The quarterback situation appears to be in better shape than a year ago. The Jets ended the 2012 season with a demoted Mark Sanchez, Tim Tebow and Greg McElroy. Sanchez was the presumptive starter for 2013 after a training-camp competition, but he suffered a season-ending shoulder injury in the preseason.
"He was up and down a little bit, but there's no teacher like experience," general manager John Idzik said after Sunday's 20-7 win over the Dolphins. "I think that showed through the season. He was very poised, he was very resilient and he made big plays. I think it was a marvelous season for him to learn from."

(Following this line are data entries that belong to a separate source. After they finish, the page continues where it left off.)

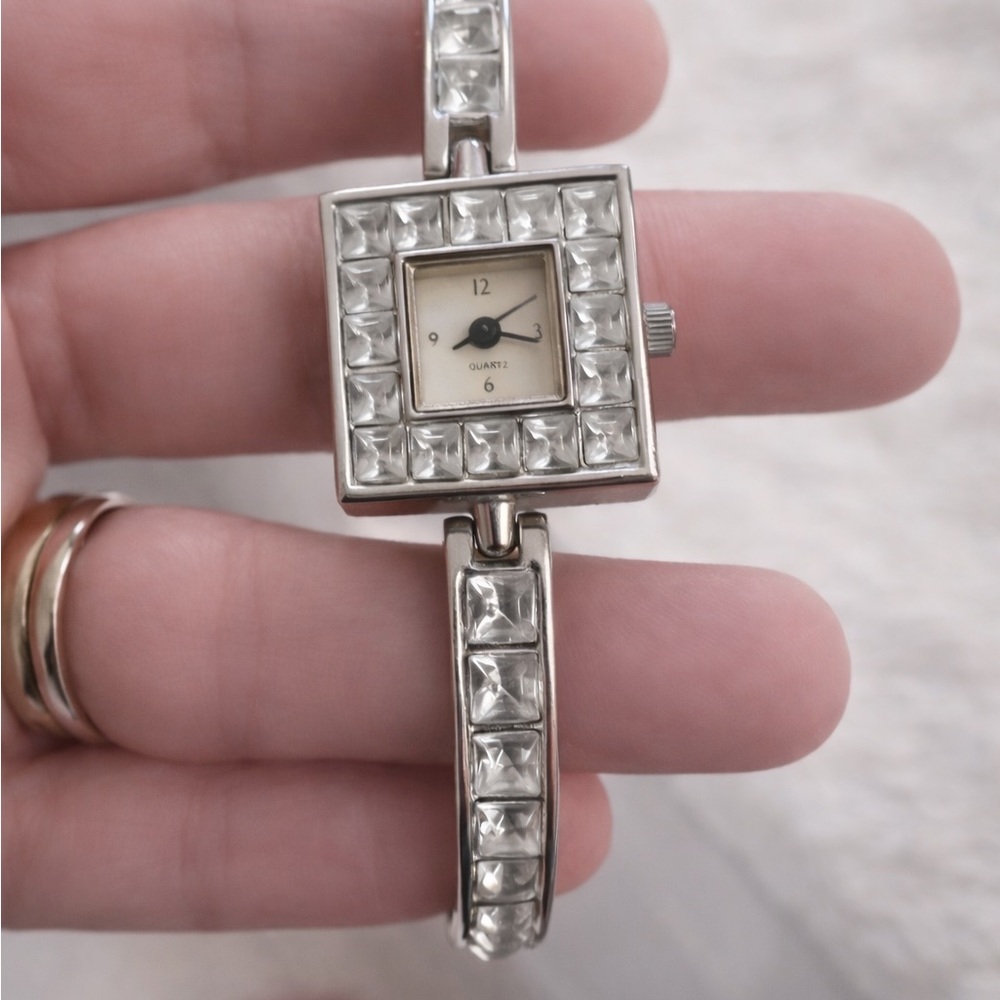 Yves Rocher Silver Tone Rhinestone Square Watch | Vintage Style Bracelet Watch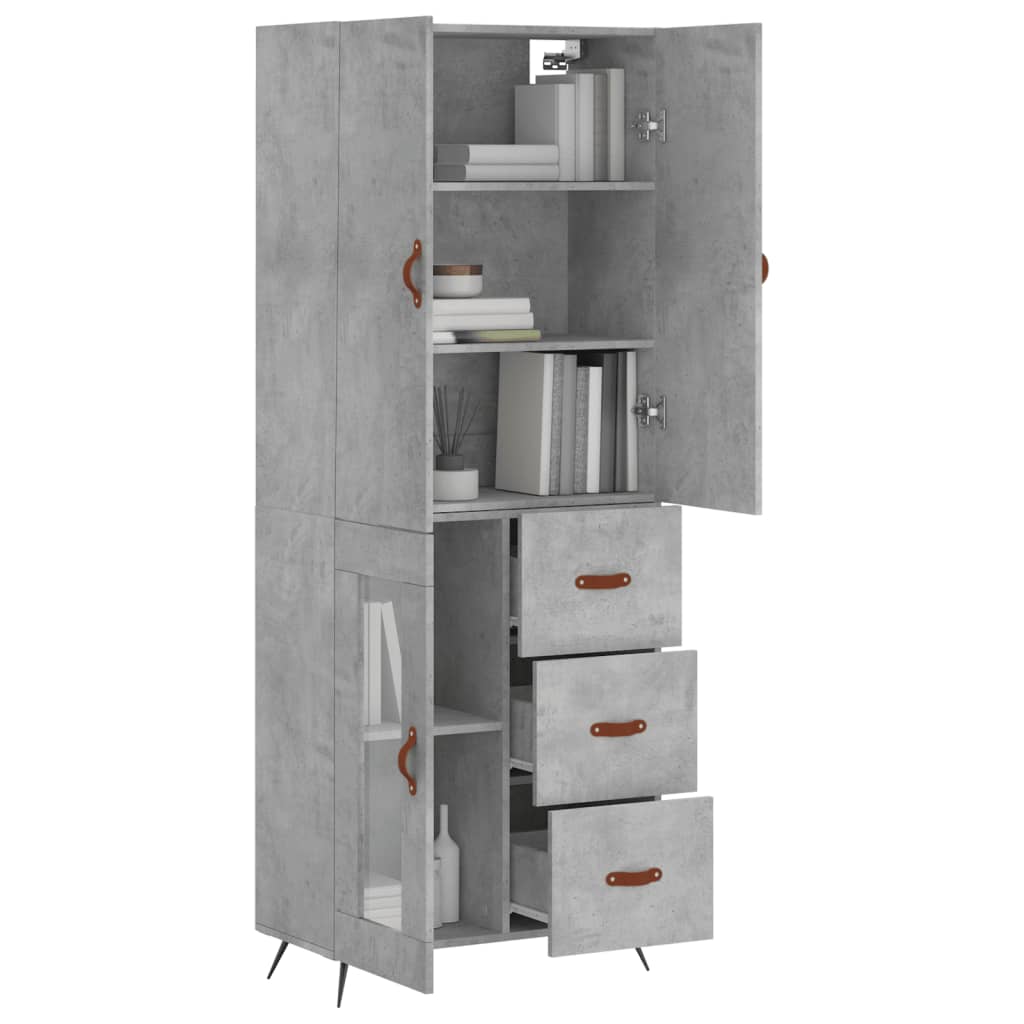 Credenza Grigio Cemento 69,5x34x180 cm in Legno Multistrato - homemem39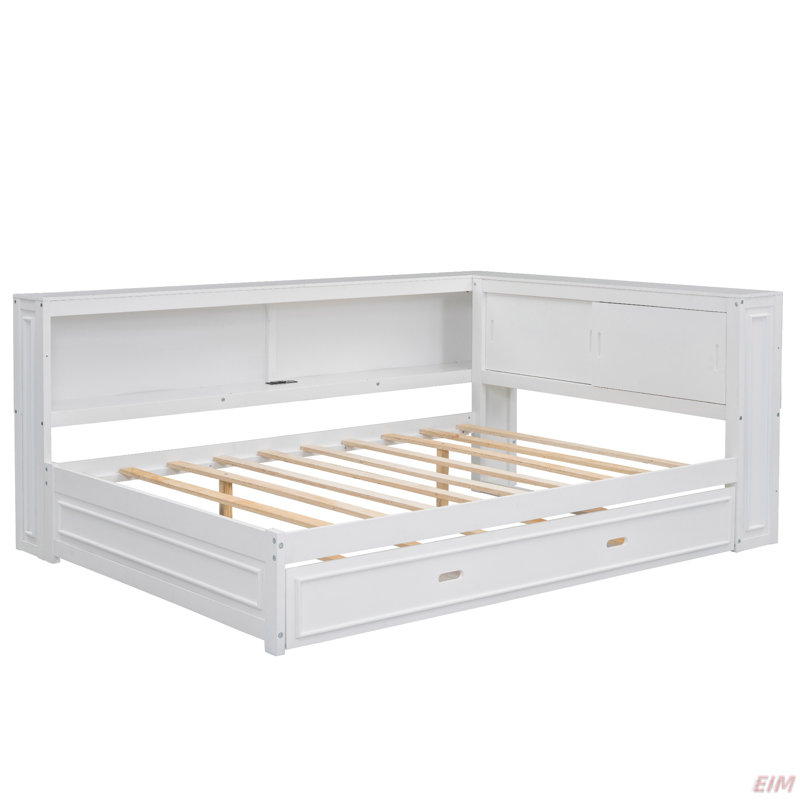 Full Size Wood Daybed With Storage Shelves, USB, LED, And Trundle (Daybed)
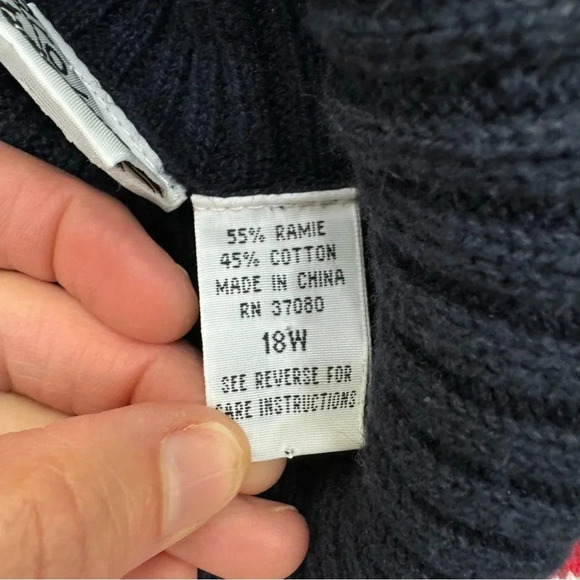 Carolina Colours Vintage Patriotic American Flag Turtleneck Sweater USA - Picture 2 of 9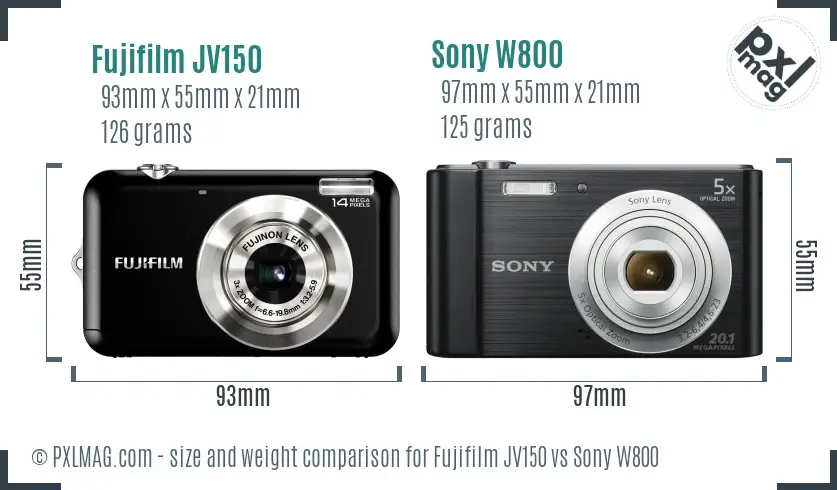 Fujifilm JV150 vs Sony W800 size comparison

The Jets have four quarterbacks on the roster, although Sanchez is a likely salary-cap casualty and No. 3 David Garrard is a free agent. The Jets probably will bring in a veteran to push Smith and Matt Simms, but they're not going to abandon Smith after investing a full season to his development.
Smith sidestepped the question when asked if he expects to be named the starter, saying he always expects to be competing in the league.
Asked to compare Smith and Sanchez, one team source said, "It's not even close. Geno can do so much more."
Smith's late-season rally, coupled with the return of Ryan, put the Jets in a good mood on "baggy" day. In his team meeting, Ryan told the players they fell short of their goal of making the playoffs but that their future is bright.
Smith is a big part of that future.
"He's going to have a tremendous career here," Nelson said.